Understanding indexing and how many thread there are in a block

I'm studying cuda programming and I've found that there are more than one way to indexing a grid.

What I don't understan is how those indexing tecnique are different between each other.

Those are my indexing:

1D grid of 1D blocks

``````th=blockIdx.x *blockDim.x + threadIdx.x;
``````

1D grid of 2D blocks

``````th=blockIdx.x * blockDim.x * blockDim.y + threadIdx.y * blockDim.x + threadIdx.x;
``````

1D grid of 3D blocks

``````th =blockIdx.x * blockDim.x * blockDim.y * blockDim.z + threadIdx.z * blockDim.y * blockDim.x + threadIdx.y * blockDim.x + threadIdx.x;
``````

What is the advantage of using the 2nd type of indexing respect to the first one?

I've also problem in reading this information: "the maximum number of thread per block is 1024 and the max dimension size of thread block (x,y,z) is (1024,1024,64)" what does it mean that the blockdim.z is equal to 64? there are only 64 threads or 1024*64 ? what if I use all the direction? does the number of thread that I can use in a grid increase?

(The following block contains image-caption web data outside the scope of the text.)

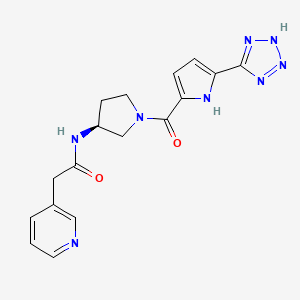 2-(pyridin-3-yl)-N-[(3S)-1-[5-(2H-1,2,3,4-tetrazol-5-yl)-1H-pyrrole-2-carbonyl]pyrrolidin-3-yl]acetamide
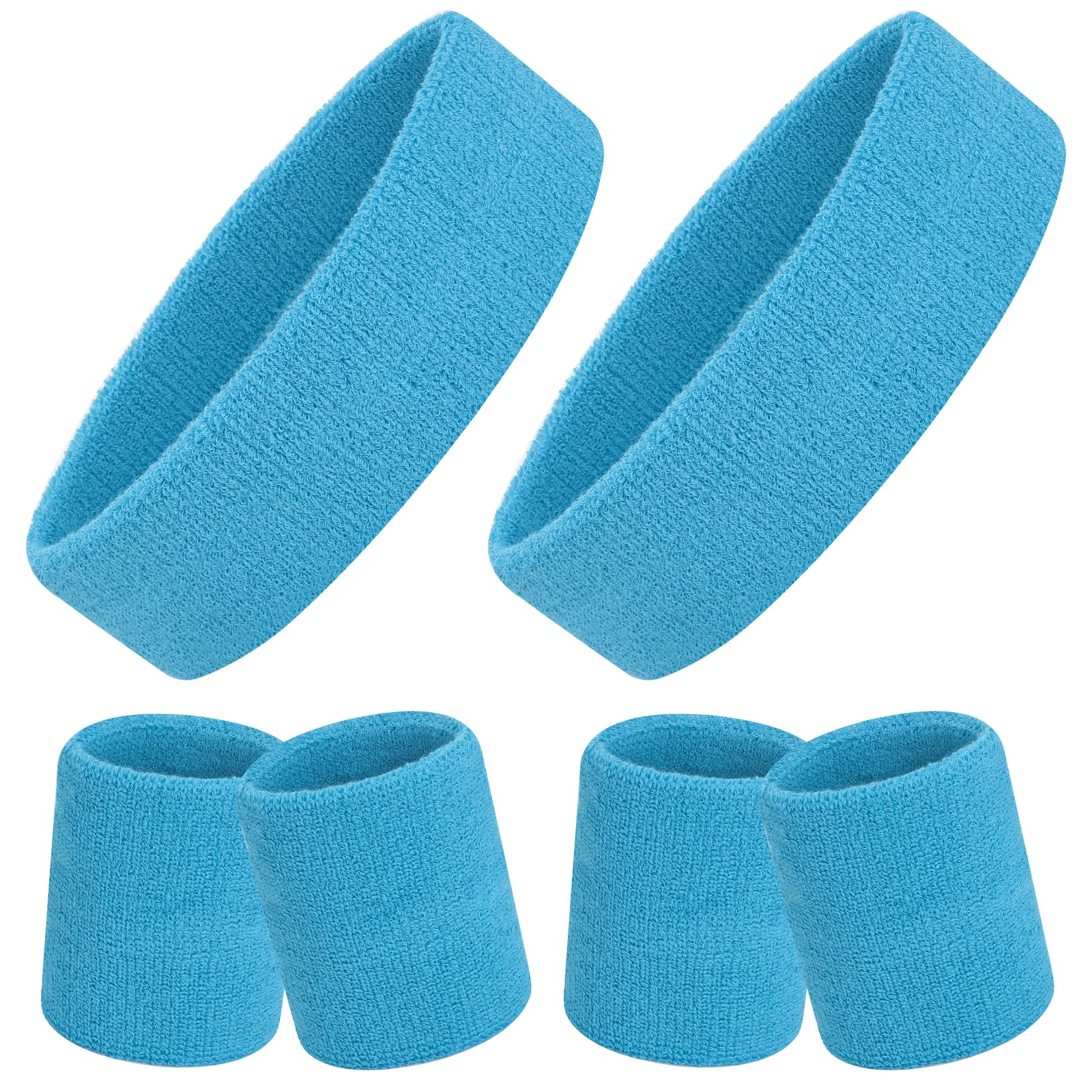 ONUPGO Sweatband Set, Sports Headband Wristband Set (6PCS) Sweatbands Terry Cloth Wristband Wrist Sweatband Headbands Moisture Wicking Sweat Absorbing Head Band (Sky Blue)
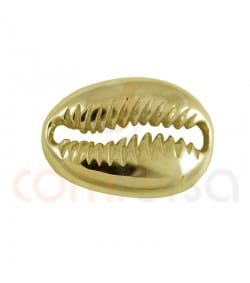 Entremeio concha 17 x 12 mm prata 925 chapada ouro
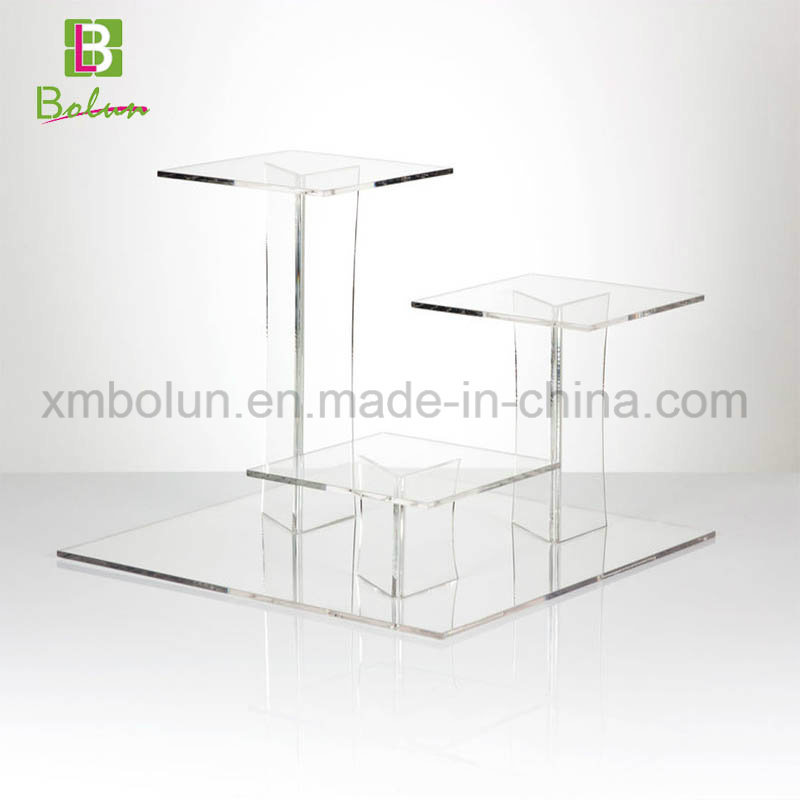 Pop Corrugated Plastic Floor Standing Acrylic Display for Cup Cake Stand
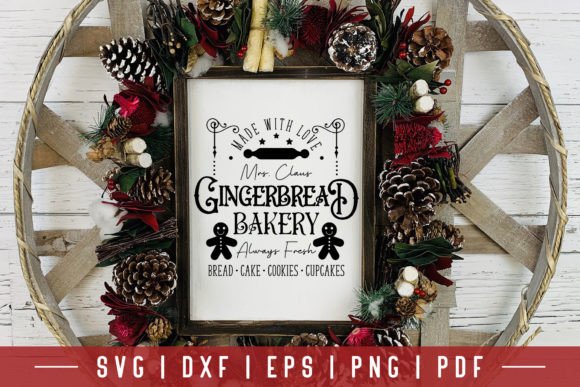 Mrs Claus Gingerbread Bakery SVG for Crafts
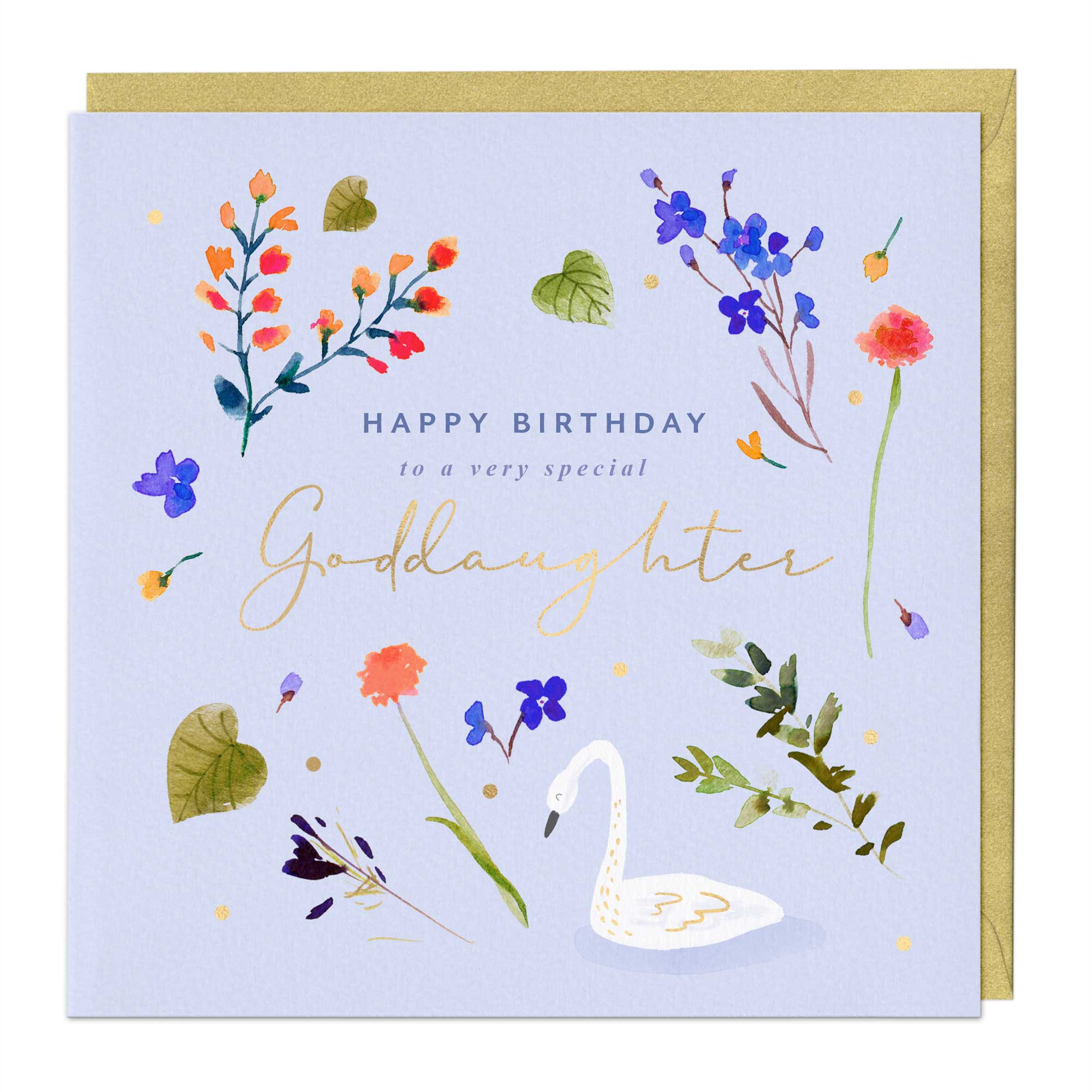 Swan And Florals Goddaughter Birthday Card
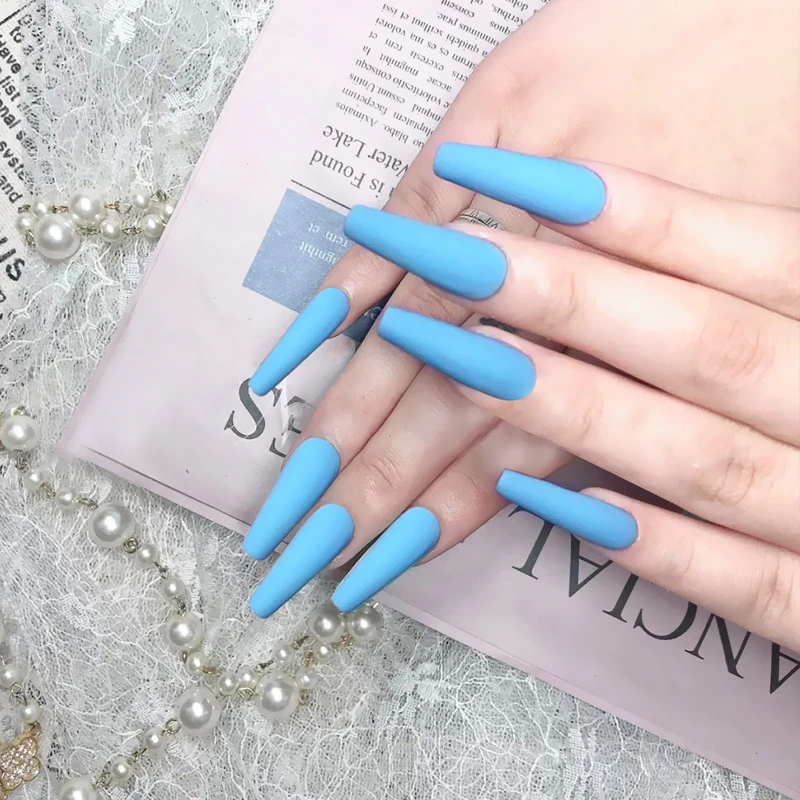 pcs Matte False Nails Nude French Ballet Fake Nail Long Coffin Nail Tips Reusable Press On Nails Manicure With Glue Nail Tools False Nails Aliexpress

• As already answered: its just for your benefit. I work with 3D images, so arranging everything using 3D blocks of 3D threads is super convenient, as I can compute a thread `id` in each direction and use that for indexing – Ander Biguri Jun 7 at 10:17

Regarding the second question about the maximum number of threads. You can calculate the number of threads in a block with dimension (x,y,z) as `x*y*z`. The max number of allowed thread per block is `1024`. This means that you are allowed to use all the values you want for `x,y,z` provided that their product does not get higher than `1024` and that `x,y<=1024` and `z<=64`.